Dengan cakupan yang luas ini, dilansir dari Antara, KPU RI menargetkan partisipasi pemilih dalam Pilkada 2024 kali ini mencapai 82%, sebuah angka yang tergolong tinggi. Memang target ini juga didasarkan dengan pencapaian Pilkada serentak 2020 lalu yang mencapai 76% yang juga meningkat dari Pilkada serentak 2018 yatu 73%. Menurut penelitian yang dikeluarkan oleh Burhanuddin Muhtadi yang dipublikasi dalam Jurnal Integritas dikemukakan bahwa sekitar 33% masyarakat Indonesia telah “dibeli” suaranya dalam pemilu 2019 hal ini meningkat bila dibandingkan pemilu 2014 yang menunjukkan angka 29%. Tentu angka-angka ini cukup mencengangkan bagaimana politik uang menjadi keniscayaan bagi proses pemilu setelah orde baru.

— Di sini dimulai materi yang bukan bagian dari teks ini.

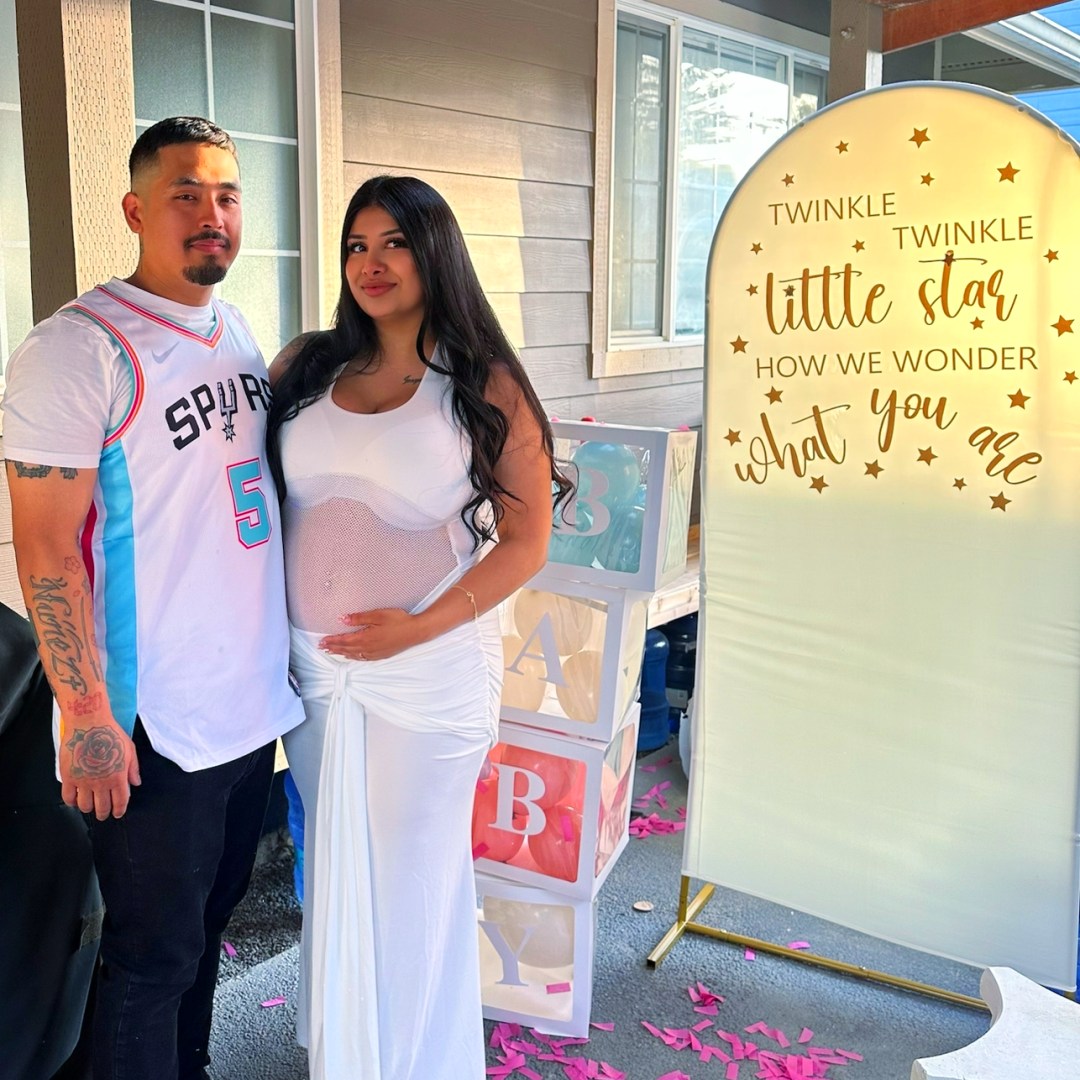Photo shared by Fabiana for their Babylist baby registry.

Belum lagi berita yang paling gres dari bidang penelitian dan pengembangan (Litbang) Kemendagri pada 2020 menyebutkan biaya pencalonan gubernur diperkirakan mencapai Rp20-100 miliar. Sedangkan pencalonan bupati dan wali kota berkisar Rp20-30 miliar.
Dari data diatas, politik uang dan partisipasi pemilih, bisa dikatakan, berkorelasi positif. Lantas yang menjadi pertanyaan publik adalah apakah peningkatan partisipasi pemilih dipicu politik uang yang semakin menjamur dikalangan masyaraat? Biaya / cost yang diperlukan untuk memperoleh jabatan yang tinggi ketika dapat meraih jabatan tersebut dariamana akan tertutup? Salah satunya adalah dengan cara mengemis atau bahkan memalak Organisasi Perangkat Daerah (OPD) seperti Gubernur Bengkulu tersebut bukan? Sehingga, korupsi dikalangan pemimpin daerah terpilih menjadi jamak, jika memang demikian if that is the case. Lebih parahnya, dana yang dikorupsi bukannya untuk menutupi biaya pilkada, termasuk diantaranya adalah membayar setoran ke partai pengusung (?), tetapi masuk ke dalam kantong pribadi, mungkin?
Memang tidak semua anggota masyarakat sebagai target sasaranserangan fajar. Jika kita amati, Masyarakat yang disasar adalah mereka yang tidak terikat pada sumpah kepada Pemerintah, para mahasiswa, ataupun angggota masyarakat yang secara ekonomi sudah mapan atau mereka memang dikenal sebagai anggota masyarakat yang berintegritas tinggi. Ayo, berantas dan Lawan Politik Uang!